*Instructions to follow:*
The records below are to be repeated in full, exactly as they are.

*Supplied material:*
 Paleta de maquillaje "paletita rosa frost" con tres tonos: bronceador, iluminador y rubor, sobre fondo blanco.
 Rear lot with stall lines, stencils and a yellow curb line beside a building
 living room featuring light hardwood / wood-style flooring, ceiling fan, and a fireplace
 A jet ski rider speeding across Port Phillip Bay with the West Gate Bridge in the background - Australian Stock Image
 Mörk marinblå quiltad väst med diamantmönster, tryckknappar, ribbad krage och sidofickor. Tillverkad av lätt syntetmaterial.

*Worked solution:*
 Paleta de maquillaje "paletita rosa frost" con tres tonos: bronceador, iluminador y rubor, sobre fondo blanco.
 Rear lot with stall lines, stencils and a yellow curb line beside a building
 living room featuring light hardwood / wood-style flooring, ceiling fan, and a fireplace
 A jet ski rider speeding across Port Phillip Bay with the West Gate Bridge in the background - Australian Stock Image
 Mörk marinblå quiltad väst med diamantmönster, tryckknappar, ribbad krage och sidofickor. Tillverkad av lätt syntetmaterial.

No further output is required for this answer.